Ikrar (pernyataan) wakaf adalah pernyataan kehendak untuk melakukan wakaf, dan harus dilakukan secara lisan dan/atau tulisan oleh wakif secara jelas dan tegas kepada nazir dihadapan Pejabat Pembuat Akta Ikrar Wakaf (PPAIW) dengan disaksikan 2 orang saksi. PPAIW kemudian menuangkannya dalam bentuk ikrar wakaf. Selanjutnya adalah nazir, hal ini dapat terdiri dari perorangan, organisasi atau badan hukum. Apabila perorangan, nazir harus memenuhi syarat-syarat, berupa dewasa, sehat akal dan cakap bertindak hukum.[25] Selain itu, dalam UU No. 41/2004 pasal 10 disyaratkan juga warga negara Indonesia, amanah, beragama Islam. Untuk nazir berupa organisasi disyaratkan bahwa pengurusnya memenuhi syarat nazir perorangan dan organisasi itu bergerak di bidang sosial. Nazir badan hukum selain memenuhi dua syarat organisasi di atas, juga harus memenuhi syarat bahwa badan hukum itu merupakan badan hukum Indonesia dan dibentuk berdasarkan peraturan yang berlaku di Indonesia. Adapun tugas nazir dalam UU No. 41/2004 pasal 11 dinyatakan bahwa nazir berkewajiban untuk melakukan pengadministrasian harta benda wakaf, mengelola dan mengembangkannya sesuai dengan tujuan, fungsi dan peruntukannya, mengawasi dan melindunginya, serta melaporkan pelaksanaan tugasnya kepada Badan Wakaf Indonesia.
d.   Tujuan Wakaf
Wakaf dilakukan untuk suatu tujuan tertentu yang ditetapkan oleh wakif dalam ikrar wakaf. Dalam menentukan tujuan wakaf berlaku asas kebebasan kehendak dalam batas-batas tidak bertentangan dengan hukum syariah, ketertiban umum dan kesusilaan. Sebelumnya di atas sudah disinggung bahwa dalam hadis Nabi saw wakaf dilarang dijual, dihibahkan atau diwariskan. Secara umum pada asasnya tidak dibenarkan melakukan perubahan wakaf dari apa yang ditentukan dalam ikrar wakaf. Perubahan itu hanya dimungkinkan karena ada alasan yang lebih kuat berdasarkan prinsip istihsan.[26]

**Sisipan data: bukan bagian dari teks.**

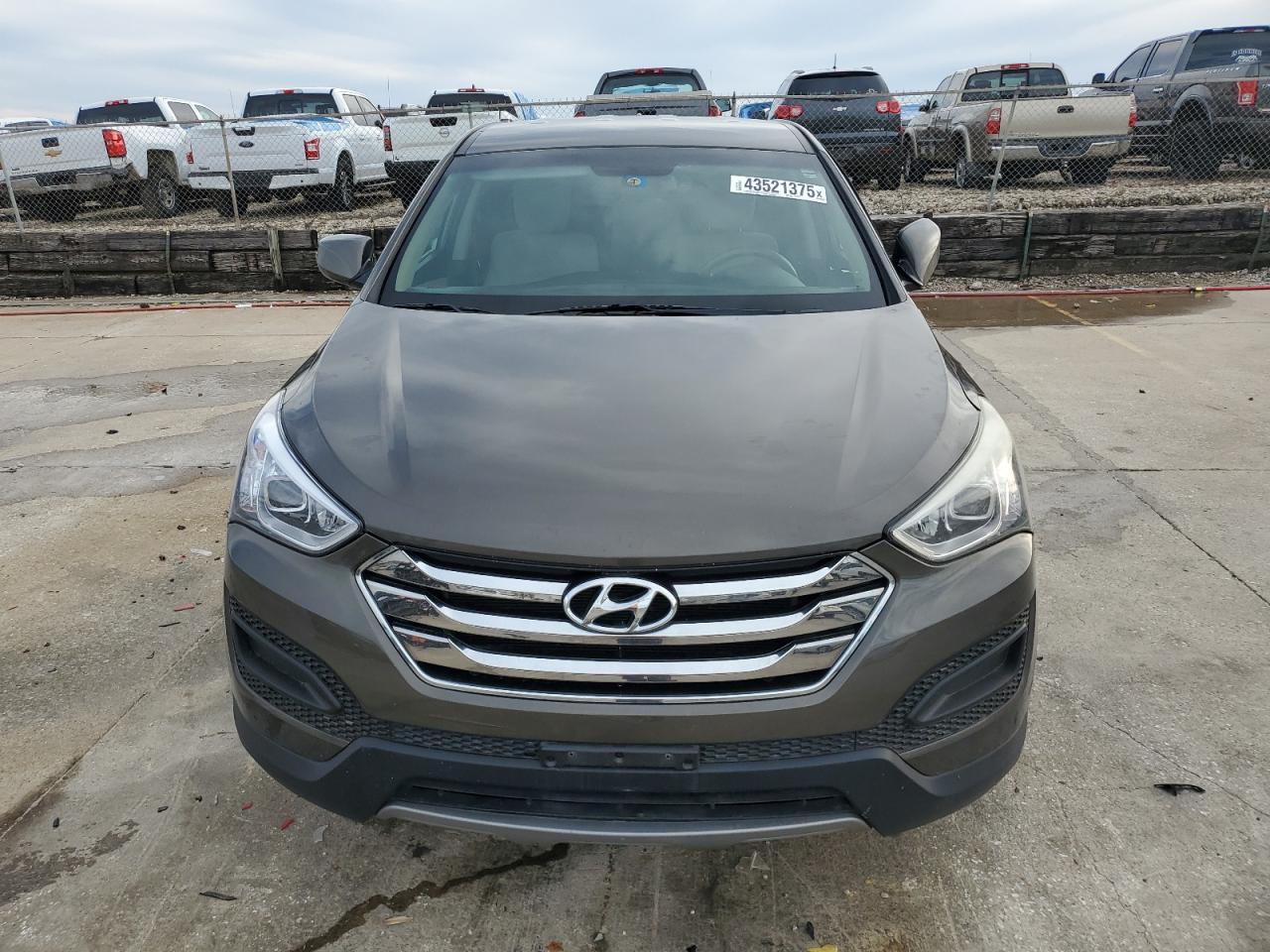 2013 Hyundai Santa Fe - Image 5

Dalam Kompilasi Hukum Islam ditegaskan bahwa pada dasarnya terhadap benda yang telah diwakafkan tidak dapat dilakukan perubahan atau penggunaan lain daripada yang dimaksud dalam ikrar wakaf, dan dalam UU No. 41/2004 pasal 23 ditentukan bahwa peruntukan wakaf itu dilakukan oleh wakif pada waktu membuat pernyataan ikrar wakaf. Harta benda wakaf yang sudah diwakafkan tidak boleh dijadikan jaminan, disita, dijual, dihibahkan, diwariskan, ditukar atau dialihkan dalam bentuk pengalihan hak lainnya. Namun dikecualikan penggunaan untuk kepentingan umum sesuai dengan rencana umum tata ruang berdasarkan ketentuan peraturan perundang-undangan yang berlaku dan tidak bertentangan dengan ketentuan syariah, dan hal ini hanya dapat dilakukan setelah mendapat izin Menteri Agama atas persetujuan Badan Wakaf Indonesia.

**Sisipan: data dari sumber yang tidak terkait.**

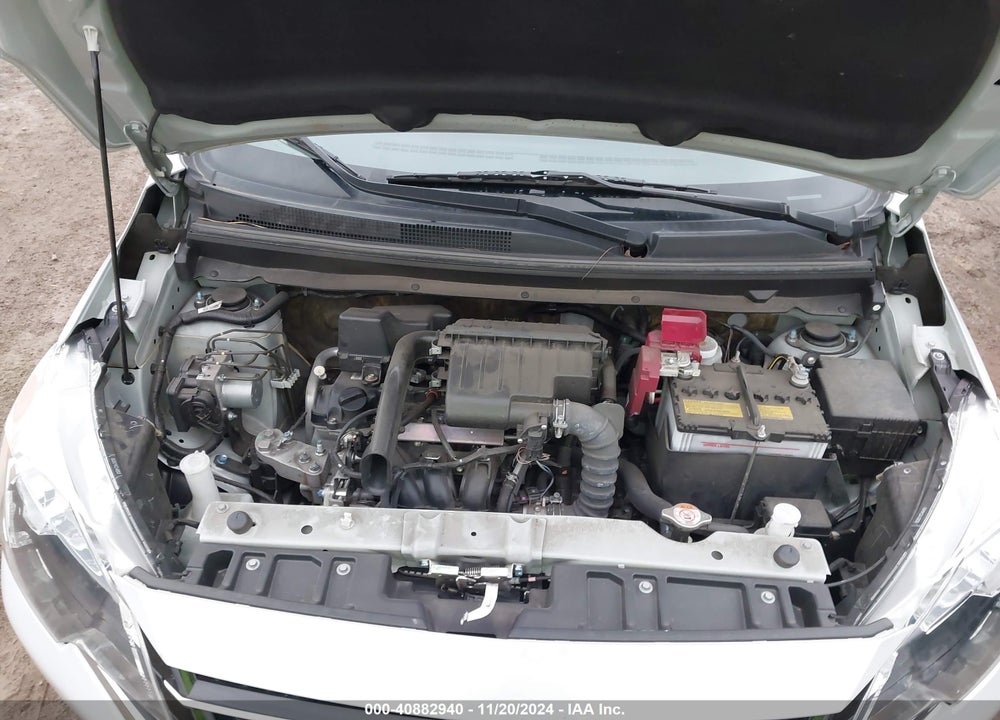 2022 MITSUBISHI MIRAGE G4 ES VIN: ML32FUFJ5NHF05769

e.    Faktor Penghambat Pemberdayaan Wakaf Secara Produktif
Adapun yang terkait dengan faktor penghambat pemberdayaan wakaf secara produktif, menurut Uswatun[27] disini terdapat beberapa faktor yang menyebabkan wakaf di Indonesia belum berperan dalam memberdayakan ekonomi umat, yaitu sebagai berikut:
1.   Masalah Pemahaman Masyarakat tentang Hukum Wakaf.
 Selama ini, umat Islam di Indonesia khususnya masyarakat dipedalaman masih banyak yang beranggapan bahwa aset wakaf itu hanya boleh digunakan untuk tujuan ibadah saja. Misalnya, pembangunan masjid, komplek kuburan, panti asuhan, dan pendidikan. Padahal, nilai ibadah itu tidak harus berwujud langsung seperti itu. Bisa saja, di atas lahan wakaf dibangun pusat perbelanjaan, yang keuntungannya nanti dialokasikan untuk beasiswa anak-anak yang tidak mampu, layanan kesehatan gratis, atau riset ilmu pengetahuan. Ini juga bagian dari ibadah. Selain itu, pemahaman ihwal benda wakaf juga masih sempit. Harta yang bisa diwakafkan masih dipahami sebatas benda tak bergerak, seperti tanah. Padahal wakaf juga bisa berupa benda bergerak, antara lain uang, logam mulia, surat berharga, kendaraan, hak kekayaan intelektual, dan hak sewa. Ini sebagaimana tercermin dalam Bab II, Pasal 16, UU No. 41 Tahun 2004, dan juga sejalan dengan fatwa MUI ihwal bolehnya wakaf uang.[28]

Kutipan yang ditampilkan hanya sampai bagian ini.